Exercise prompt: Leaving out any pictures, transcribe every record exactly.

Given data:
-=-=-

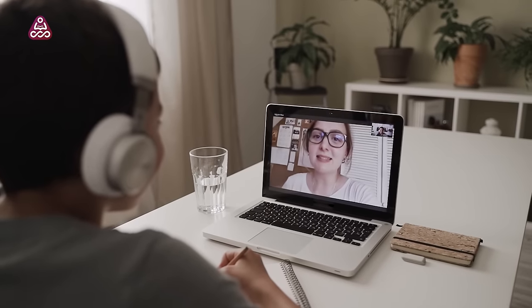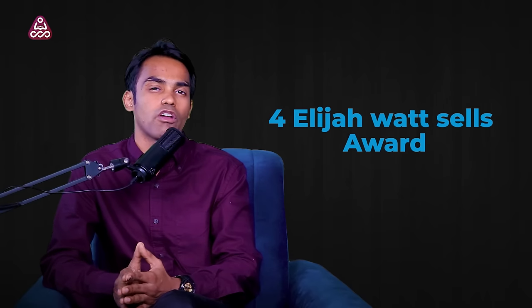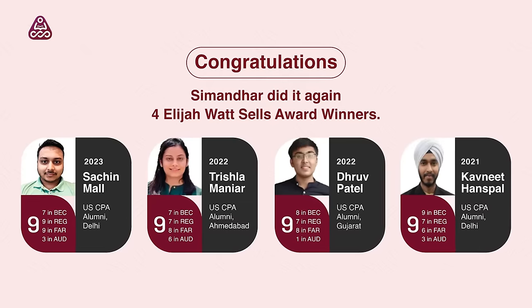What is the role of Simander Education? We are the official partners of Becker Professional Education and provide Becker study material. We also have live classes from our faculties, all of whom are CPA qualified. I strongly believe one must register with an institute where the founder himself is a CPA. We are currently the only institute in India with four Elijah Watt Sells Awards — given to students who scored 95.5 out of 100 across all four sections. Out of 100,000 students worldwide, only 40 receive this award, and Simander students have achieved it four times.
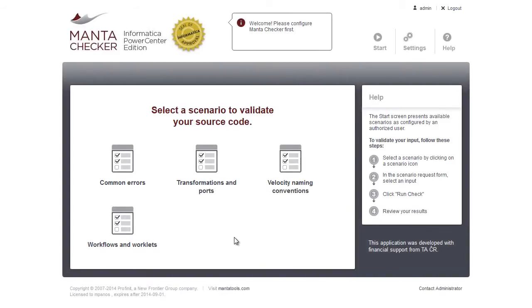MantaChecker automates code reviews and helps you enforce your company policies and best practices. Manta lets you validate your code according to a number of built-in or custom scenarios.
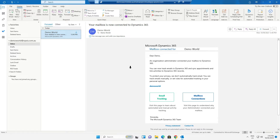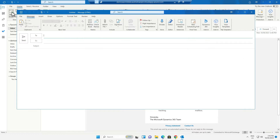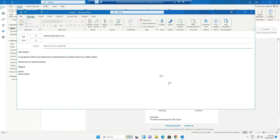In this video I will demonstrate creating a brand new email to an existing record in Dynamics 365. We're sending a new email to Robert Lyon of contoso.com. The email is sent in the same way that you would send any email using Outlook.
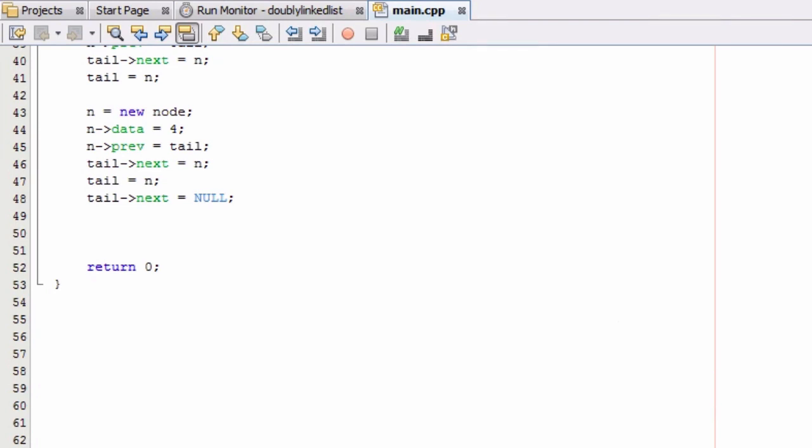Hey everybody, this is Paul. Welcome to part two in creating a doubly linked list. In part one, we went ahead and created four nodes and connected them all together in a doubly linked list.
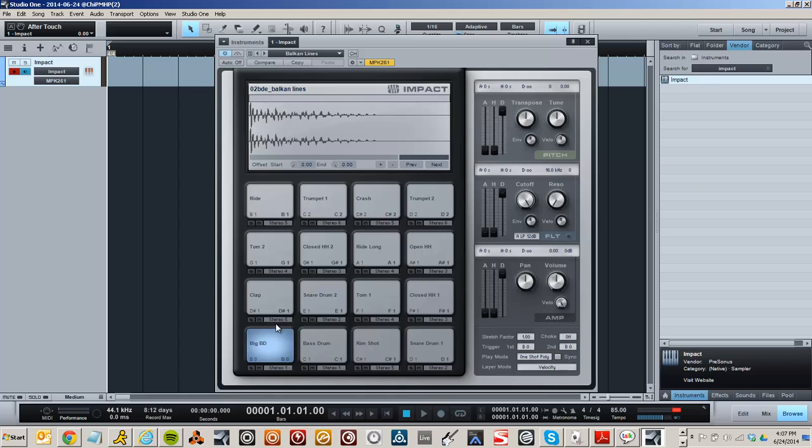So if you hit edit and hit the pad, the first pad starts at C1. You would just take the data wheel and turn that down to B0, and then move the next one to C1 and so on as it occurs in IMPACT.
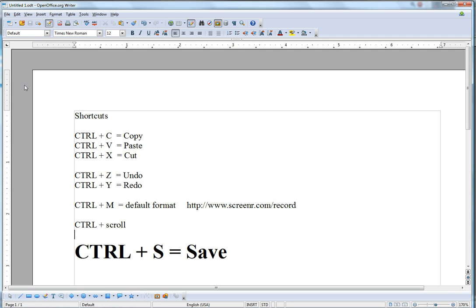So it will take you a little bit of practice at first, but down the road, these shortcuts will save you a lot of time. So go ahead and practice and make sure to save your document regularly. Thank you.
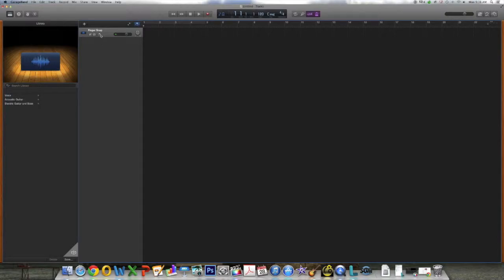And finally, the button on the far right is input monitoring. When this is clicked on, you hear the instrument or microphone connected to the track's input while you play and record. This works fine through your headphones, but may cause feedback through your computer speakers.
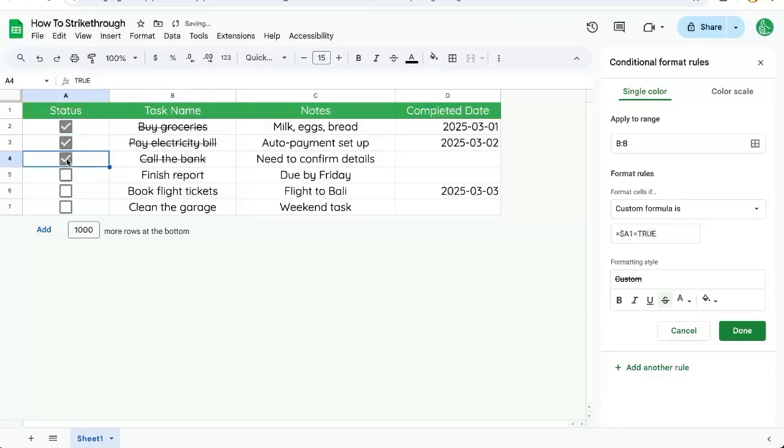And now every time we click a checkbox, we strike through the task name. Isn't that cool?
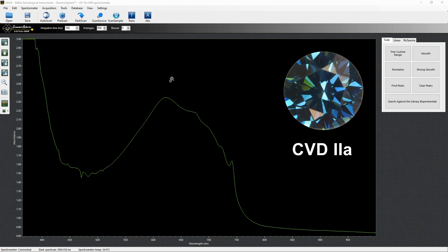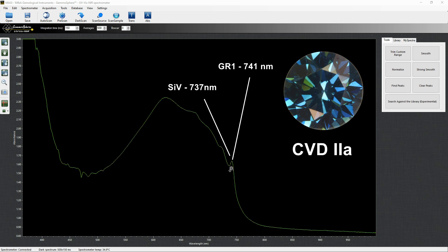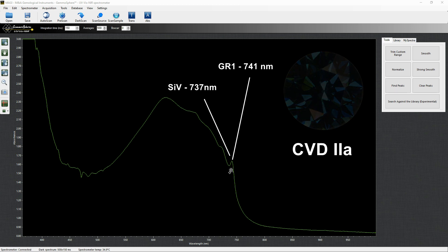CVD synthetic blue are typically type IIa treated by irradiation. A good indicator of the CVD method is the presence of the silicon vacancy defect at 737 nm along with the GR1 at 741 nm. Due to their vicinity though, those peaks can be individually detected almost only in liquid nitrogen immersion.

-=-=-

Your solution:
What is the role of Simander Education? We are the official partners of Becker Professional Education and provide Becker study material. We also have live classes from our faculties, all of whom are CPA qualified. I strongly believe one must register with an institute where the founder himself is a CPA. We are currently the only institute in India with four Elijah Watt Sells Awards — given to students who scored 95.5 out of 100 across all four sections. Out of 100,000 students worldwide, only 40 receive this award, and Simander students have achieved it four times.
MantaChecker automates code reviews and helps you enforce your company policies and best practices. Manta lets you validate your code according to a number of built-in or custom scenarios.
In this video I will demonstrate creating a brand new email to an existing record in Dynamics 365. We're sending a new email to Robert Lyon of contoso.com. The email is sent in the same way that you would send any email using Outlook.
Hey everybody, this is Paul. Welcome to part two in creating a doubly linked list. In part one, we went ahead and created four nodes and connected them all together in a doubly linked list.
So if you hit edit and hit the pad, the first pad starts at C1. You would just take the data wheel and turn that down to B0, and then move the next one to C1 and so on as it occurs in IMPACT.
So it will take you a little bit of practice at first, but down the road, these shortcuts will save you a lot of time. So go ahead and practice and make sure to save your document regularly. Thank you.
And finally, the button on the far right is input monitoring. When this is clicked on, you hear the instrument or microphone connected to the track's input while you play and record. This works fine through your headphones, but may cause feedback through your computer speakers.
And now every time we click a checkbox, we strike through the task name. Isn't that cool?
CVD synthetic blue are typically type IIa treated by irradiation. A good indicator of the CVD method is the presence of the silicon vacancy defect at 737 nm along with the GR1 at 741 nm. Due to their vicinity though, those peaks can be individually detected almost only in liquid nitrogen immersion.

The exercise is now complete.